* **About this exercise**:
Find "2025 McLaren Artura Vision" in the data below; transcribe the line it appears on and each line after it, exactly, to the end, and nothing else.
START Data to use
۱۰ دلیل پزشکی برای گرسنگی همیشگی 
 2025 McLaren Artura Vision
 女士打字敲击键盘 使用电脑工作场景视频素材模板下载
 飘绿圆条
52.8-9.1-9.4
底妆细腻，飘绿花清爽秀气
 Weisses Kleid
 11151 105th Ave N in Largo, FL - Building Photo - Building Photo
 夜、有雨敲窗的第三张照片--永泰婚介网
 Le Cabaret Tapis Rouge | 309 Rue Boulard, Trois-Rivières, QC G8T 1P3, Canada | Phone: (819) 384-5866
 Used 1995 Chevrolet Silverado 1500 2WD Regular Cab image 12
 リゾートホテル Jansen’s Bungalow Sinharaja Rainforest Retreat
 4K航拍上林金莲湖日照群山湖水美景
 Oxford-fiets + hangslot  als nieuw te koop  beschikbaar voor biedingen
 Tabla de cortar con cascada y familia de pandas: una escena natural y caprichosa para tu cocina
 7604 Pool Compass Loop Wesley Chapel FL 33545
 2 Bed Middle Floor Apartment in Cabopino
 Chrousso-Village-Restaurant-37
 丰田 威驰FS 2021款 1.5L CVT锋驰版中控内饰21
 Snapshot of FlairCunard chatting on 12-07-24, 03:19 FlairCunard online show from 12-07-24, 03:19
END Data to use
* **The completed task**:
 2025 McLaren Artura Vision
 女士打字敲击键盘 使用电脑工作场景视频素材模板下载
 飘绿圆条
52.8-9.1-9.4
底妆细腻，飘绿花清爽秀气
 Weisses Kleid
 11151 105th Ave N in Largo, FL - Building Photo - Building Photo
 夜、有雨敲窗的第三张照片--永泰婚介网
 Le Cabaret Tapis Rouge | 309 Rue Boulard, Trois-Rivières, QC G8T 1P3, Canada | Phone: (819) 384-5866
 Used 1995 Chevrolet Silverado 1500 2WD Regular Cab image 12
 リゾートホテル Jansen’s Bungalow Sinharaja Rainforest Retreat
 4K航拍上林金莲湖日照群山湖水美景
 Oxford-fiets + hangslot  als nieuw te koop  beschikbaar voor biedingen
 Tabla de cortar con cascada y familia de pandas: una escena natural y caprichosa para tu cocina
 7604 Pool Compass Loop Wesley Chapel FL 33545
 2 Bed Middle Floor Apartment in Cabopino
 Chrousso-Village-Restaurant-37
 丰田 威驰FS 2021款 1.5L CVT锋驰版中控内饰21
 Snapshot of FlairCunard chatting on 12-07-24, 03:19 FlairCunard online show from 12-07-24, 03:19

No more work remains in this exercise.